America Cannot Become Great Again By “Protectionism”


George F. Will highlights two important principles on productivity and protectionism, in A plan to make America 1953 again – The Washington Post:
1. Productivity Improvements Mean Less Workers Are Necessary

Since 1900, the portion of the U.S. workforce in agriculture has declined from 41 percent to less than 2 percent. Output per remaining farmer and per acre has soared since millions of agricultural workers made the modernization trek from farms to more productive employment in city factories. Was this trek regrettable?


[…] According to a Ball State University study, of the 5.6 million manufacturing jobs lost between 2000 and 2010, trade accounted for 13 percent of job losses and productivity improvements accounted for more than 85 percent: “Had we kept 2000-levels of productivity and applied them to 2010-levels of production, we would have required 20.9 million manufacturing workers [in 2010]. Instead, we employed only 12.1 million.” Is this regrettable? China, too, is shedding manufacturing jobs because of productivity improvements.
2. “Protecting” Particular Companies From More Efficient Producers Decreases Jobs In Unprotected Industries (Shifts Unemployment)
Levinson notes that Ronald Reagan imposed “voluntary restraints” on Japanese automobile exports, thereby creating 44,100 U.S. jobs.

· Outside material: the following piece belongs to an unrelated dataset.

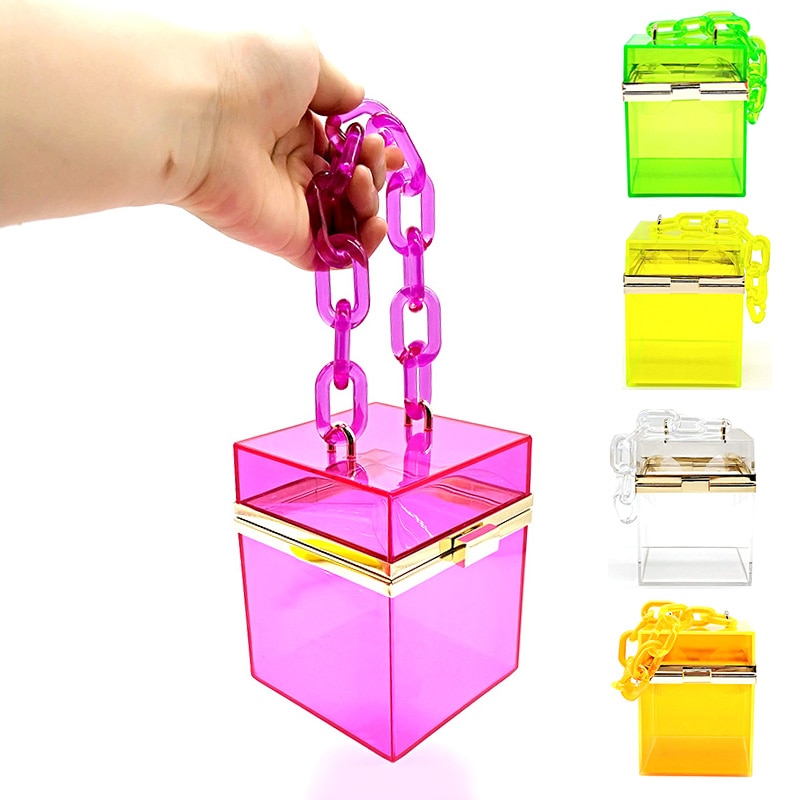 Gute version damen abendparty handtaschen tote square boutique box durchsichtige plastik fester beutel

But the cost to consumers was $8.5 billion in higher prices, or $193,000 per job created, six times the average annual pay of a U.S. autoworker. And there were job losses in sectors of the economy into which the $8.5 billion of consumer spending could not flow.

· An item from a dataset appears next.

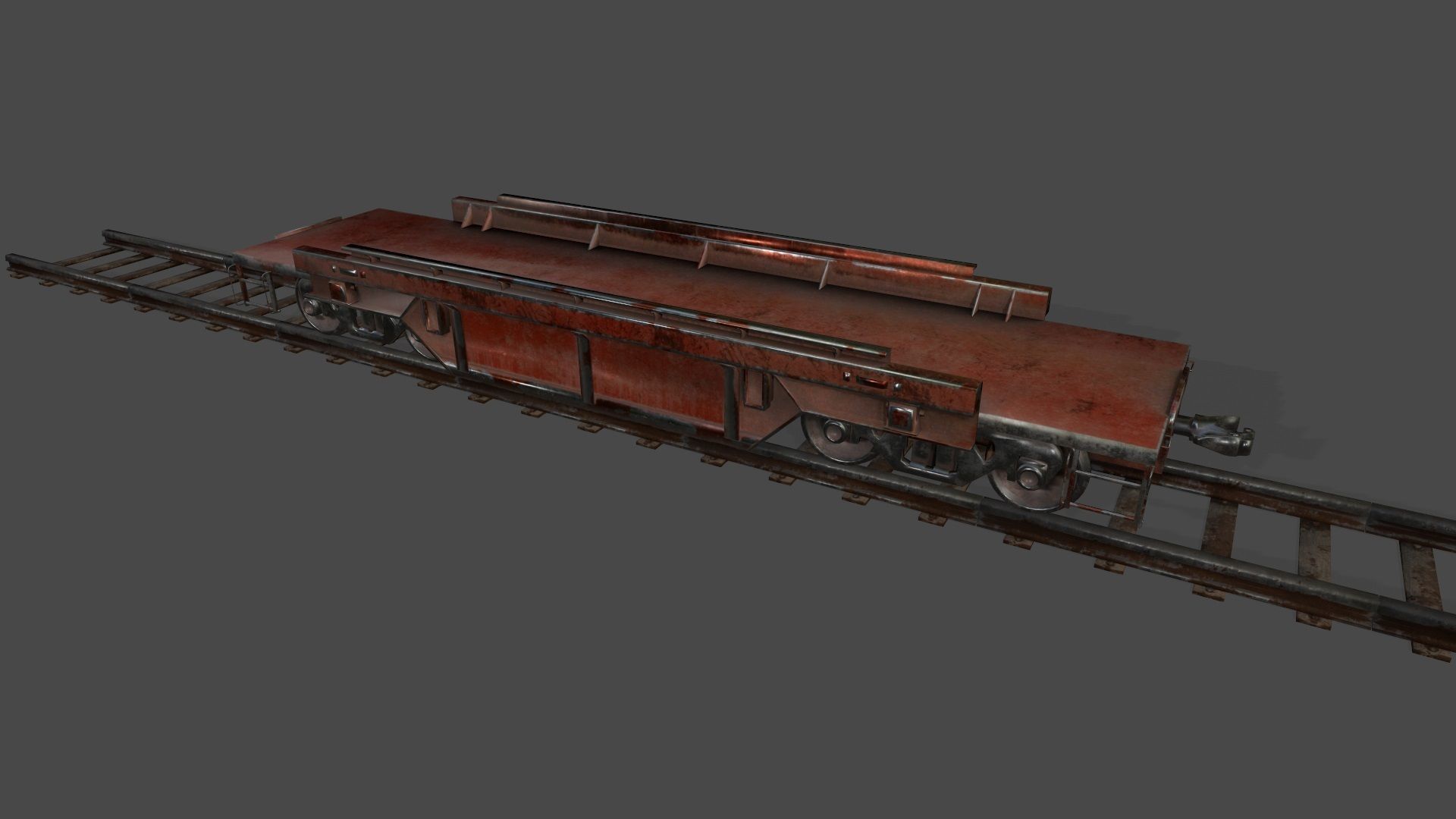 Train old rusty on tracks Low-poly 3D model_13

[…] In 2012, Barack Obama boasted that “over a thousand Americans are working today because we stopped a surge in Chinese tires.” But this cost about $900,000 per job, paid by American purchasers of vehicles and tires. And the Peterson Institute for International Economics says that this money taken from consumers reduced their spending on other retail goods, bringing the net job loss from the job-saving tire tariffs to about 2,500. And this was before China imposed retaliatory duties on U.S. chicken parts, costing the U.S. industry $1 billion in sales. Imports of low-end tires from Thailand, Indonesia, Mexico and elsewhere largely replaced Chinese imports.
In the long run, the best way to create real jobs, that raise the standard of living, is a free-market.
“Protecting” particular domestic sectors from foreign competition ends up punishing other Americans on the whole with higher prices, less jobs and a reduced standard of living.